Denarau Island (/fj/) is a small private resort development on the western side of Viti Levu in the Republic of Fiji. The 2.55 km^{2} resort is reached via a short causeway over a creek and is located 5 km north west of the town Nadi and 10 km west of Nadi International Airport.

Denarau is known for its hotels and resorts, with the 18-hole Denarau Golf course as its centrepiece. The development includes international chains such as Hilton, Sheraton, Radisson, Westin, Sofitel and Wyndham (formerly Worldmark).

Denarau Marina is located in Denarau Island and provides sea transfer services to the island chains of the Mamanucas and the Yasawas.

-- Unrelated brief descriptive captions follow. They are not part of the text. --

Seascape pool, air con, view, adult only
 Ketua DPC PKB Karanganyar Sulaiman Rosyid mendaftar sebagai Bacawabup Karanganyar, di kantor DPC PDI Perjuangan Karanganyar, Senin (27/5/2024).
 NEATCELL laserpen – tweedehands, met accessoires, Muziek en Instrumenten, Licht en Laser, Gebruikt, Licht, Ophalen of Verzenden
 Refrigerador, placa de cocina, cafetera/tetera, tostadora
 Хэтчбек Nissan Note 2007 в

Port Denarau, as well as containing Denarau Marina, is a shopping precinct with a variety of restaurants, a supermarket, bakery, hairdressers and tour operators.

==History==
The development of Denarau Island started in 1969, when American developer Dennis McElrath purchased the land. The first hotel, the Regent of Fiji (now the Westin Denarau) opened in 1975. Between 1988 and 1991, Japanese property developer EIE International purchased all of Denarau in stages and started on a $200 million development project, bulldozing 850 acres of mangrove forest and building an 18-hole golf course, a marina and more hotels. After EIE went bankrupt in 1995, the resort was purchased by a consortium of Tabua Investments of New Zealand, ITT Sheraton and Air Pacific.